RE: fabric winding guidance

Web handling machinery typically includes some "dancer rolls", either very slightly convex or arranged with a flexible controlled skew mounting, or both, for precisely that purpose.

 

Mike Halloran
Pembroke Pines, FL, USA

RE: fabric winding guidance

You haven't provided much information. Identify where the material is shifting, on the let-off spool, on intermediate rollers, or on the wind-up spool. It is not unusual for rolls to "telescope" during rewinding operations. Understanding the physics involved is more complex than most would imagine.

Typically you want a nip roll or "s"-wrap rolls to control web speed and isolate the tension zones of unwind and rewind.
Your rolls are probably telescoping because the layers in the roll are slipping and tightening during the operation. Sometimes, active edge guiding is the only solution. Usually "taper tension" control is needed. This is a compromise between constant torque center-winding and constant tension winding.
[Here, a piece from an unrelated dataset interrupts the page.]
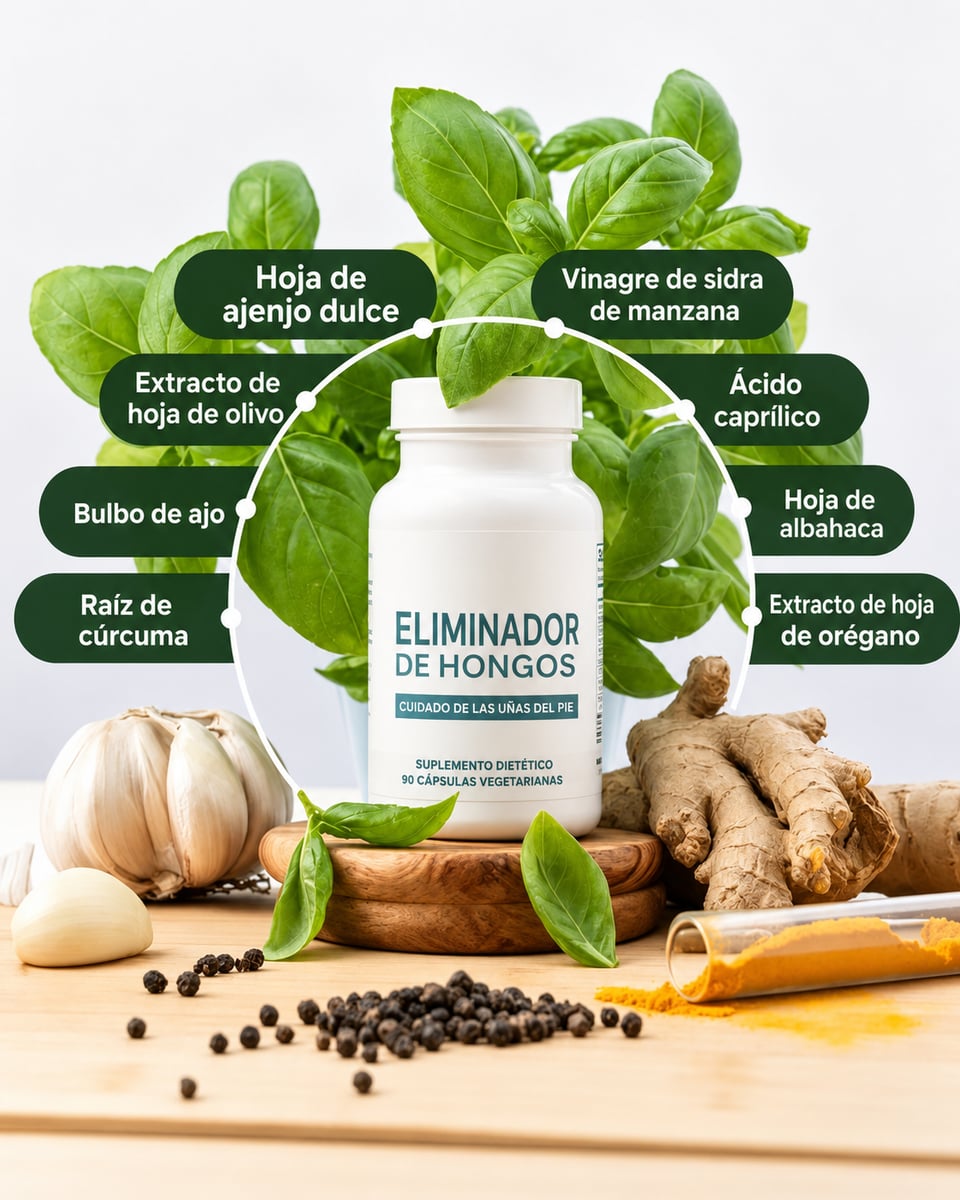 NUTROVY / FUNGUS - Elimina los Hongos de las Uñas y los Pies — Desde adentro hacia afuera + ENVIO GRATIS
Provide some useful information for us to help.

RE: fabric winding guidance

(OP)
Thanks MikeHalloran,
  I think we'll look to incorporate another roller or two and perhaps mount one to be slightly adjustable for minor skew adjustments as you described.  I am curious however regarding the rollers being slightly convex as you say.  You do mean the center diameter is slightly larger than at the ends, right?

This seem unintuitive for trying to maintain alignment (but I admit to little experience in this field).

RE: fabric winding guidance

(OP)
Thanks Compositepro,
  The the "telescoping" is happening on the takeup spool.  I've included a diagram illustrating our rewind fixture.  Between the supply and takeup spools are a single set of tensioner rolls.  The tensioner rolls are geared together and are fitted with a slip clutch to provide a constant tension at the takeup.  I had hoped to avoid a complex 'taper tension' control by using the tension rolls this way.

I've included an diagram of the setup.  You'll see that it's rather simple, and I fear now that it's a little too simple.  I can appreciate that the physics of rewinding is more complex than most imagine.  

It has been hinted to me by some that there some rules-of-thumb or conventional wisdom regarding the number or placement of idler rollers to help distribute tensions across the width of a fabric, but i can't find such clues stated anywhere.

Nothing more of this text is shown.